Ashwell Parish WWI letter of thanks to Victor Chapman
Frank Sole
Victor Chapman
Sidney Chapman
Farm Workers on Farrows Farm
In this photo from the 1890's Victor Chapman is the boy behing the man with the dark waistcoat who is kneeling at the front. George Chapman, Victors father is the kneeling man in a floppy hat holding a pipe.

This document was donated to the Ashwell Museum by Frank Sole, Great Nephew of Victor Chapman.

Research at the IWM Duxford had mixed results. They had seen similar scrolls produced by county or municipal organisations, but of different designs and contents. It was also thought that it might have been produced or initiated by the Hertfordshire Territorial organisation, in view of the emblems of the Hertfordshire Regiment and Yeomanry which appear at the top.

Clearly this particular document was intended only for use within Hertfordshire. It would therefore appear not to have been a national initiative as such, and not a document produced to a standard design, although there may have been some encouragement from `the centre’ for such welcome scrolls to be produced at more regional or local level, with the content left to local decisions. This one was clearly led by the church, others may have been more `civic’.

Ashwell Museum hold a number of other such scrolls issued to returning Ashwell WWI soldiers.


To Victor Chapman,

We your fellow parishioners of Ashwell in the County of Hertford wish to extend to you our heart felt welcome on your return Home from serving your King and Country as a member of the Armed Forces of the Crown in the Great War A.D. 1914-1918.

Although we at Home may not have been able fully to realize the dangers, hardships and sufferings which it must have fallen to your lot to undergo, we yet ask you to believe that we are highly sensible of your heroism, endurance, contempt of danger and willingness to give your life if need be, in defence of the Land you love and for the protection of those near and dear to you against, the cruel fate designed for them by a ruthless and implacable foe.

By your gallant service in one or other of the theatres of war, in the Air, on Land, upon the Sea or under the Sea, Great Britain under the direction of Almighty God has been protected from the worst horrors of war:  the enemy signally defeated:  and the glorious Empire to which we belong preserved intact as a heritage for our descendants.

We wish you many years of health and happiness in which to enjoy the blessings of the Peace which your self sacrifice has assisted in securing for the whole civilized world;  and in doing so ask you to accept this Letter of Thanks as a visible token of our heartfelt gratitude that along as the history of these times and of this Nation still continue the Memory of how much you have merited our Recognition may be handed on to Posterity.
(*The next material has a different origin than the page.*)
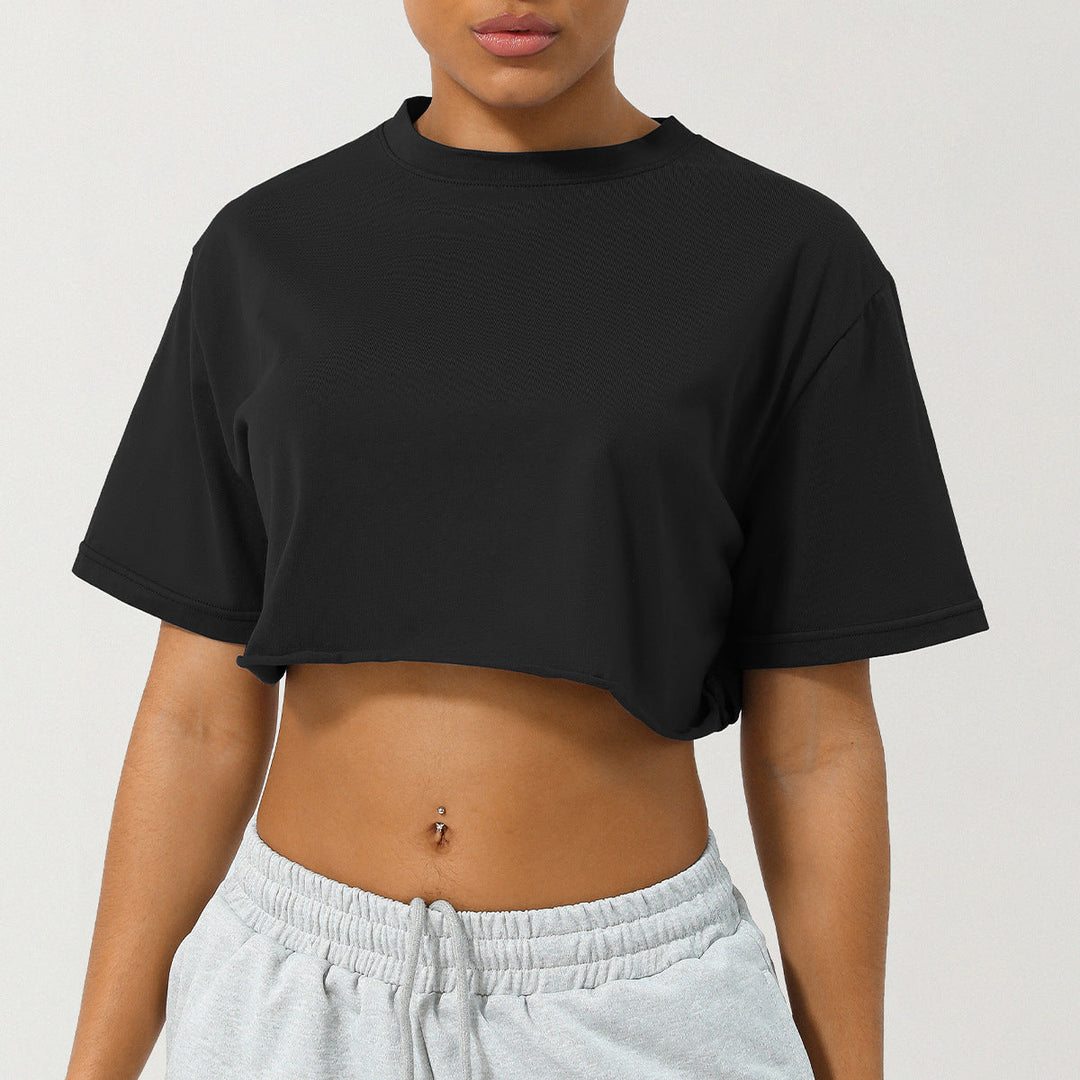 ALYSSA - Dames Relaxed Fit Crop Tee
SIGNED on behalf of the parishioners of Ashwell

S W P Webb (Rector & Chairman)

Wolverley A Fordham  Treasurer

Sam Parkhouse Hon Sec.

Victor’s Family History

Victor Chapman was the eldest son of George Chapman of Guilden Morden and Julia Lee of Ashwell.  He was born January 1895 in Ashwell being baptised at St Mary’s March 1895;  he worked as a farm labourer until the WWI living with his family in Back Street.

He was one of eleven children, his brother Sidney served in WWI and also survived.

In 1914 Victor married Fanny Geeves of Hinxworth at St Mary’s Ashwell, they had one child,  Victor Roy Chapman born November 1920 also baptised at St Mary’s February 1921.  Victor Roy served in WWII sadly he died September 1944 serving as a Royal Artillery Gunner in Malaya, having been wounded he was returning home when the hospital ship was attacked.

Victor and Fanny moved to Letchworth and remained their until their deaths.